Item: As I mentioned on Sunday, Selma got the tree up at work midweek last week. No, Renaldo didn't trim it after all, despite his impressive throwing-arm; Selma took the honors there as well. Somewhat later, while the boss was out, she helped herself to Renaldo's Cessna model and lodged it near the very top of the tree, in lieu of a star... and in keeping with the firm's airplane-focus (we're located one quick bad landing right off the tarmac of a regional airport). And the plane's position really did make it look like a bad landing... or bad tree-ing, I guess.

Yesterday morning, I found that the model had been replaced with a real, lit five-pointed star. While I was working with some outbound mailers, the departmental manager – Grant – was saying to Selma or LC (as in "Lacrosse", another coworker) that he felt better with a star there than with the more traditional angel. "Some people have trouble with angels," he said (also revealing his rubbery spiritual backbone), and a star would be much more neutral.

I stopped in mid-envelope and squinted at the thing a bit. No; couldn't be mistaken for a Mogen David (Star of David, I mean – not the wine); only had five points, not six. So I said, stroking my chin speculatively, "Isn't that star a Satanic symbol?"

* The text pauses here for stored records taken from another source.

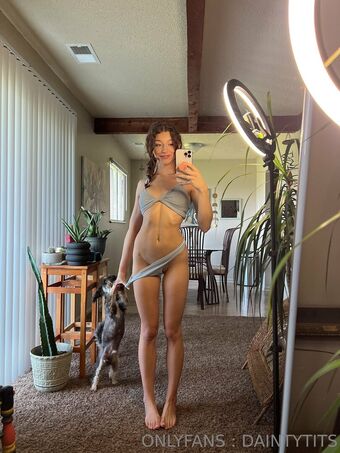 daintytits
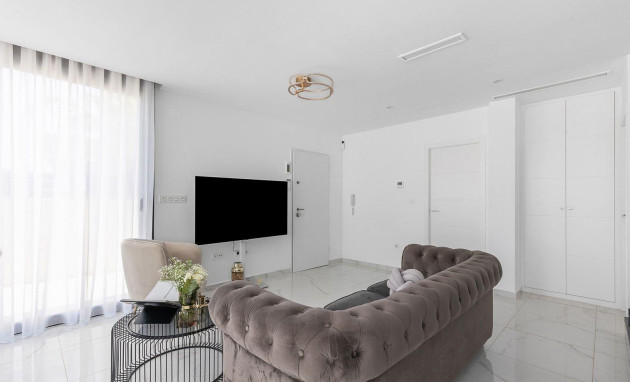 Herverkoop - Villa - Torrevieja - Torretas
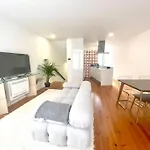 Padre Antonio Vieira Flat E - 2 Bedroom Near Campanha Train Station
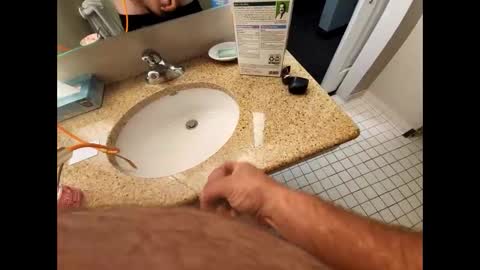 Snapshot of hardforu8675 chatting on October 5, 8:29 am hardforu8675 online show from October 5, 8:29 am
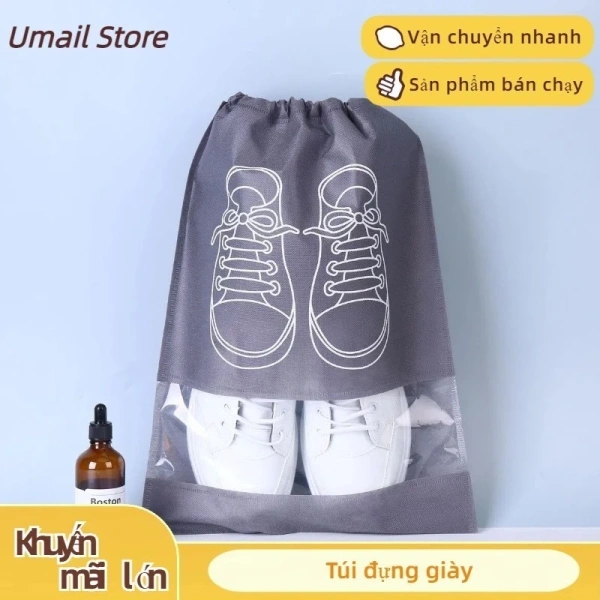 Trong quá trình đóng gói, giày thường phải chịu áp lực từ các vật dụng khác, dao động từ va chạm nhẹ khi vali bị lắc hoặc bị ép chặt. (Ảnh 2)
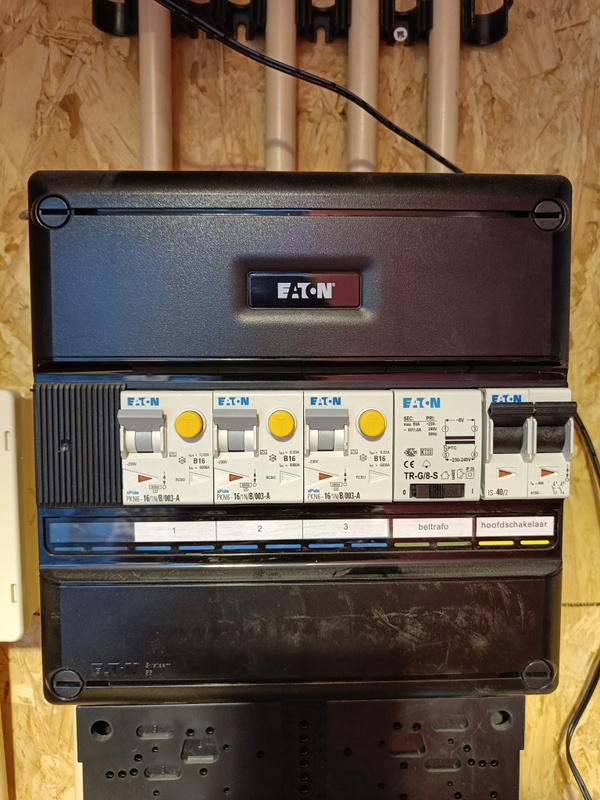 Afbeeldingslocatie: https://tweakers.net/i/ENscQdhjCjOdVt8_551qFMinnxc=/x800/filters:strip_icc():strip_exif()/f/image/Y6oC3mO98GQEPyG25jjQC9l4.jpg?f=fotoalbum_large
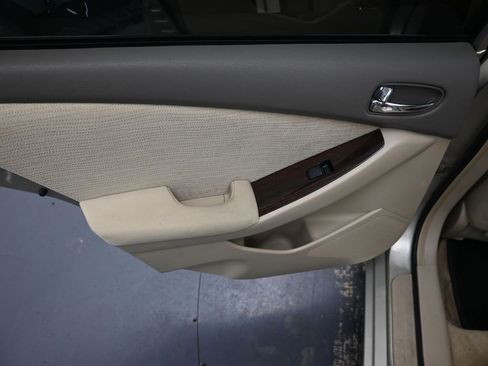 Used 2010 Nissan Altima 2.5 S w/ Premium Audio Pkg image 22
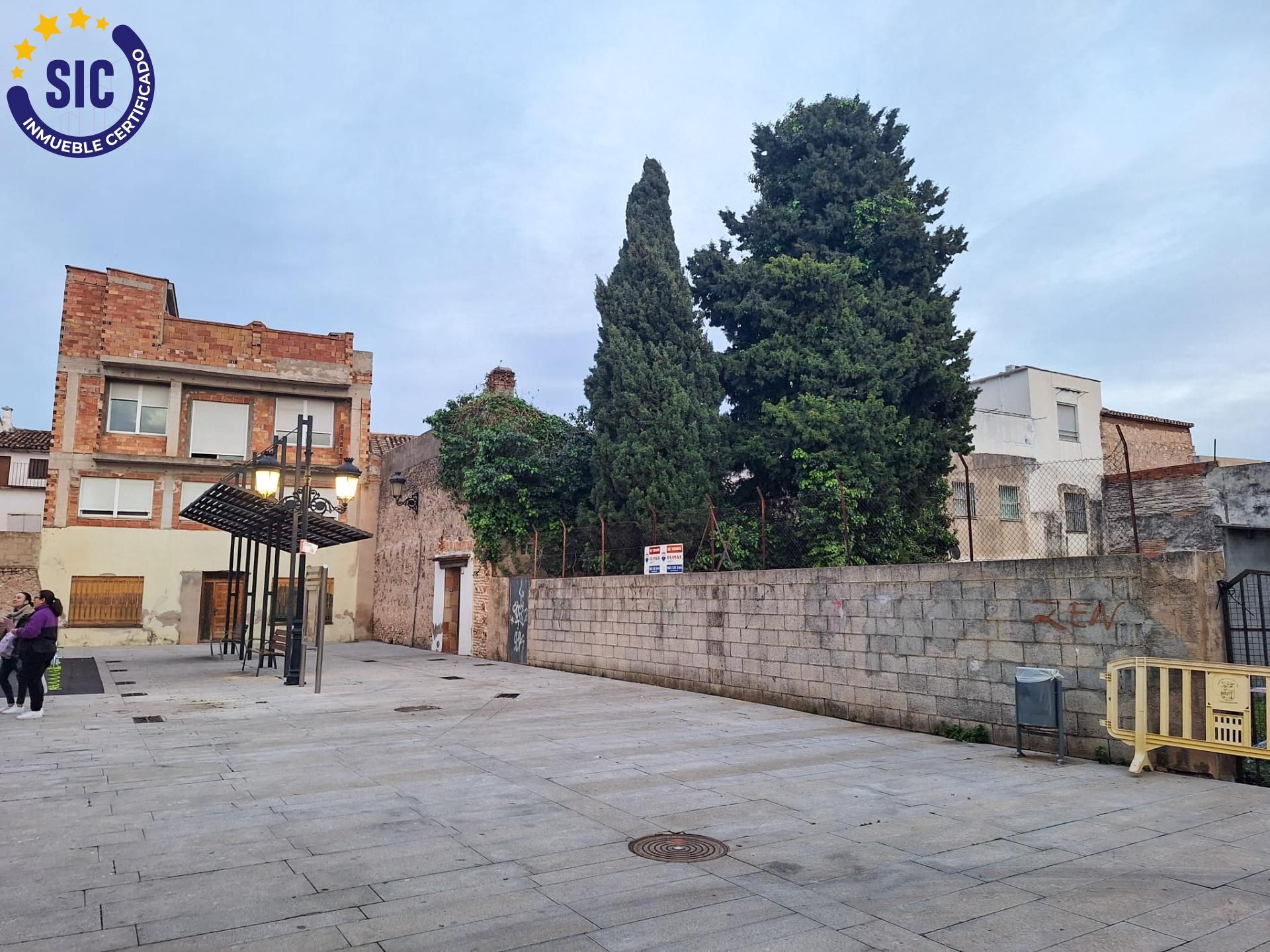 Land in L'Alqueria de la Comtessa, Valencia for sale Primary Photo- Image 1 of 5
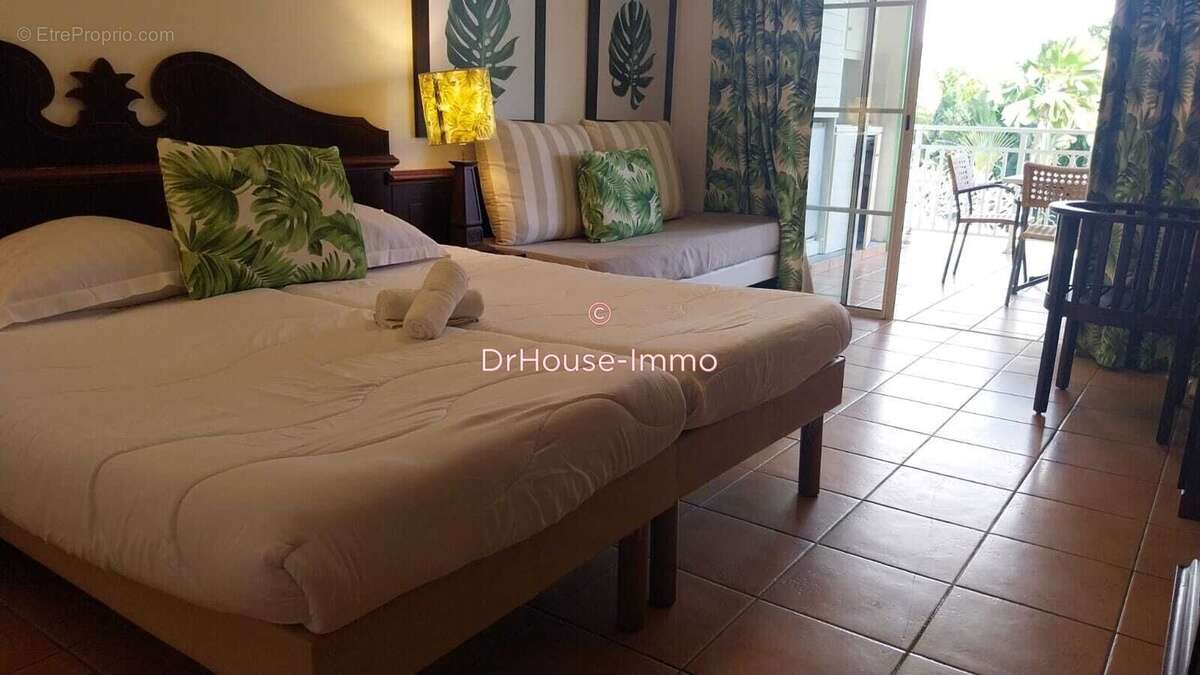 Appartement à SAINTE-LUCE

Selma gasped, and Grant stood up abruptly and lifted his phone to his ear. "You can be replaced," he reminded me. I grinned back. I didn't tell him one of my mottoes: If you can't be replaced, you can't be promoted. Heh-heh.

Item: Today saw a number of departments having their "holiday luncheons" (the term's a joke, and very inaccurate – what, they do have a special lunch on Arbor Day? and on Flag Day?). While pulling a cart of packages to deliver around to some of the upstairs departments, I nearly stepped on a couple pieces of flatware that someone had dropped; I picked them up (commitment to safety, of course). Two employees came up behind me, and I raised the implements, and said, "You know, I've heard of a fork in the road... but a fork in the hallway?"

One of the employees chuckled, and observed, "Must have been quite a party!"

And I bit down hard, smiled, and kept my tongue still; I'm a temporary employee only, from one of the local staffing agencies. But I wanted so badly to say: "Forkin' A!"

Item: Older daughter Shellie called me this evening to berate me in advance, just in case I don't like the Christmas gift she'd ordered for me, and which had just shipped. Actually, I'm sure I'll like it, of course; she's always come up with unexpected and fantastic gifts for friends, family, and loved ones... yours truly delightedly included.

She also asserted that I obviously never loved her as a child. Why? Because all her friends got custom-engraved tree-ornaments every year, and she never received any. (Actually, she has three – but one was made by her kindergarten teacher almost twenty years ago; the other two come from girlfriends of mine over the years. Uh…) "So I guess you want an engraved ornament for Christmas this year?" I deduced.

"No!" she shot back. (I really do love her!) "I want twenty-five of them!" (She'll be 25 just after St. Patrick's Day.) Brat.

She mentioned to me that her male-interest fellow (kept on a short leash so she can easily administer frequent whippings) had invited her to come along hunting with him. She passed; "I'll eat deer meat," she admitted to him, "but someone else has to kill it and cut it up and prepare it first!" The girl knows her boundaries!

Immediately another pun bubbled up to the surface of my brain. I wanted so badly to pass it along to her, and told her so; she quashed the idea – she has no patience at all for these delightful twists of word, and more than once has called me up just to yell at me when she's channeled her Dear Old Dad yet again and found herself spouting a stinky pun to a friend.

So, no; out of respect for her boundaries I kept the pun to myself. But, thinking about the deer meat, I really wanted to suggest she tell this gentleman: "Sure; I've always wanted to see Venison the Spring!"